Evals Skills for Coding Agents
Teach your coding agent evals.
Today, I’m publishing evals-skills, a set of skills that for AI product evals [1]. They distill what I’ve learned helping 50+ companies and teaching 4,000+ students build evaluation systems.
Why Skills for Evals
Coding agents now instrument applications, run experiments, analyze data, and build interfaces. I’ve been pointing them at evals.
OpenAI’s Harness Engineering article makes the case well: they built a product entirely with Codex agents (~1 million lines of code, 1,500 PRs, three engineers, five months) and found that improving the infrastructure around the agent yielded better returns than improving the model. Their agents queried distributed traces to verify their own work against runtime evidence. Documentation tells the agent what to do. Telemetry tells it whether it worked. Evals apply the same principle to AI output quality.
All major eval vendors now ship an MCP server [2]. The tedious parts: instrumenting your app, orchestrating experiments, building annotation tools, now belong to coding agents.
But an agent with an eval platform still needs to know what to do with it. Say a support bot tells a customer “your plan includes free returns” when it doesn’t. Another says “I’ve canceled your order” when nobody asked. Both are hallucinations, but one gets a fact wrong and the other makes up a user action. If you lump them together in a generic “hallucination score” real problems will likely go undetected.

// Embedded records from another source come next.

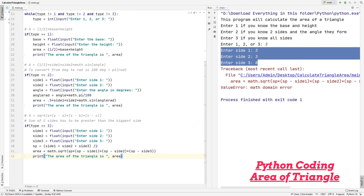That's basically it for how to calculate the area of these triangles inside Python. If you enjoyed this video, don't forget to drop a like and subscribe. Thank you so much for watching, and I'll see you next time.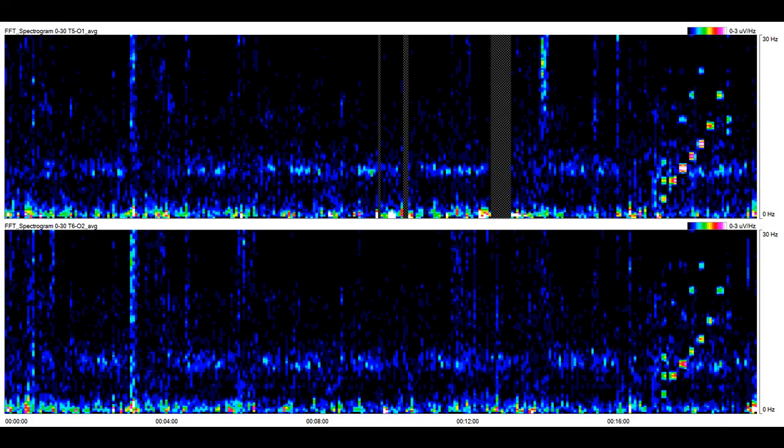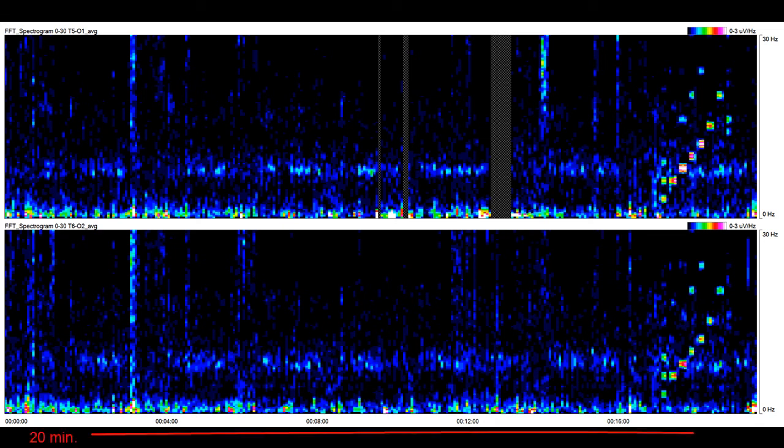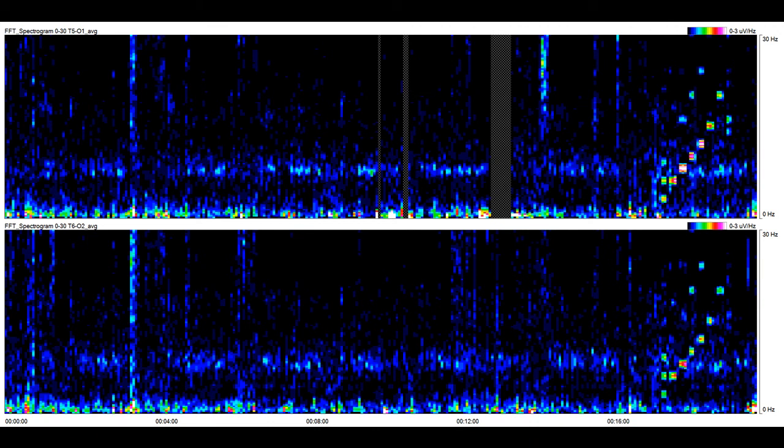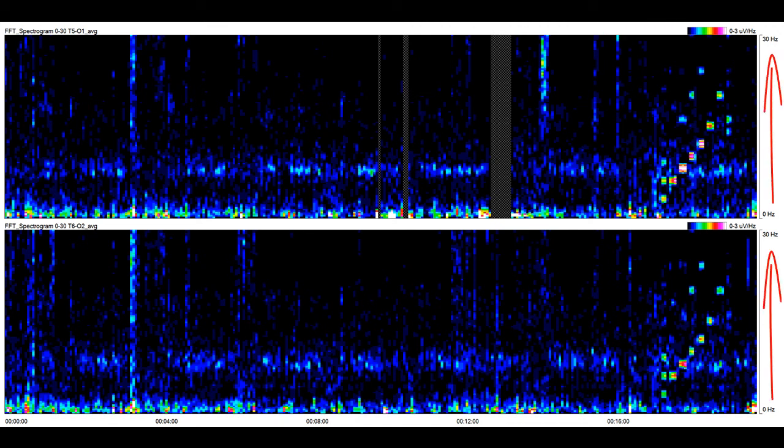Now let's shift back to a time axis duration more typical of that used for continuous EEG trend monitoring. Here's a 20 minute view of the FFT spectrograms from the same recording that we've just been studying. The upper graph shows data from T5 to O1, and the lower graph from T6 to O2. An RGB color scale is used for the z-axis, and frequency from 0 to 30 Hz is shown on the y-axis.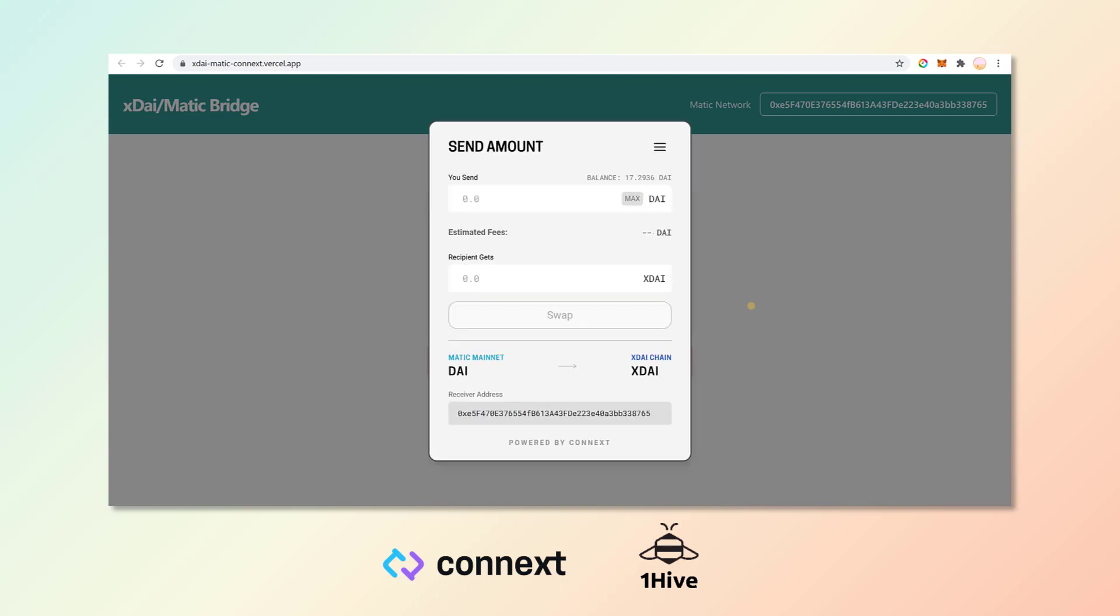Once this is all set, we are ready to swap your DAI from the Matic network over to the XDai chain and set five DAI. And again, before you click swap, just make sure that you are in fact going from the correct location to the correct location. Swap.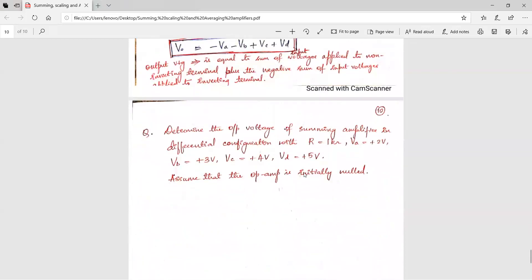Now you have a problem to solve. In the next session, we will study about AC and DC amplifiers. Thank you.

These skills fill in the gaps. They complement the vendor MCP servers: those give your agent access to traces and experiments, these teach it what to do with them.
The Skills
If you’re new to evals or inheriting an existing eval pipeline, start with eval-audit. It inspects your current setup (or lack of one), runs diagnostic checks across six areas (error analysis, evaluator design, judge validation, human review, labeled data, pipeline hygiene), and produces a prioritized list of problems with next steps. Install the skills and give your agent this prompt:
Install the eval skills plugin from https://github.com/hamelsmu/evals-skills, then run /evals-skills:eval-audit on my eval pipeline. Investigate each diagnostic area using a separate subagent in parallel, then synthesize the findings into a single report. Use other skills in the plugin as recommended by the audit.
If you’re experienced with evals, you can skip the audit and pick the skill you need:
error-analysis: Read traces, categorize failures, build a vocabulary of what’s broken
generate-synthetic-data: Create diverse test inputs when real data is sparse
write-judge-prompt: Design binary Pass/Fail LLM-as-Judge evaluators
validate-evaluator: Calibrate judges against human labels using TPR/TNR and bias correction
evaluate-rag: Evaluate retrieval and generation quality separately
build-review-interface: Generate annotation interfaces for human trace review
These skills are a starting point. They only cover parts of evals that generalize across projects. Skills grounded in your stack, your domain, and your data will outperform them. Start here, then write your own. Our AI Evals course teaches the end to end workflow.
👉 The repo is here: github.com/hamelsmu/evals-skills 👈
P.S. Our next AI Evals course cohort starts March 16th. The one after that won’t run until fall. You’ll get lifetime access to all materials and learn with students from OpenAI, Meta, Google, Walmart, Airbnb and more. Use code newsletter-25 for a discount.
Footnotes
Not foundation model benchmarks like MMLU or HELM that measure general LLM capabilities. Product evals measure whether your pipeline works on your task with your data. If you aren’t familiar with product-specific AI evals, check out my AI Evals FAQ.
Braintrust, LangSmith, Phoenix, Truesight, and others.